→ **What you will do**: Of all the entries below, only the lines from the one with "Amaryllis Bulbs Soil" up to and including the one with "Afroditedolls Ubbe - Ragdoll" are to be duplicated exactly.
===== Data for this exercise =====
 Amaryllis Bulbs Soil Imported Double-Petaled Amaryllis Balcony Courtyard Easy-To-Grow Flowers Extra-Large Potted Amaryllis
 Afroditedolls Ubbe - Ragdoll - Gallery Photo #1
=====
===== Data for this exercise =====
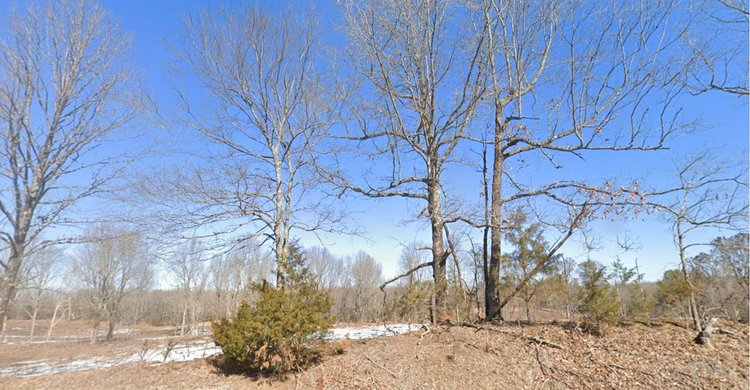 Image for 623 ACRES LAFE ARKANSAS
=====
→ **Exercise output**:
 Amaryllis Bulbs Soil Imported Double-Petaled Amaryllis Balcony Courtyard Easy-To-Grow Flowers Extra-Large Potted Amaryllis
 Afroditedolls Ubbe - Ragdoll - Gallery Photo #1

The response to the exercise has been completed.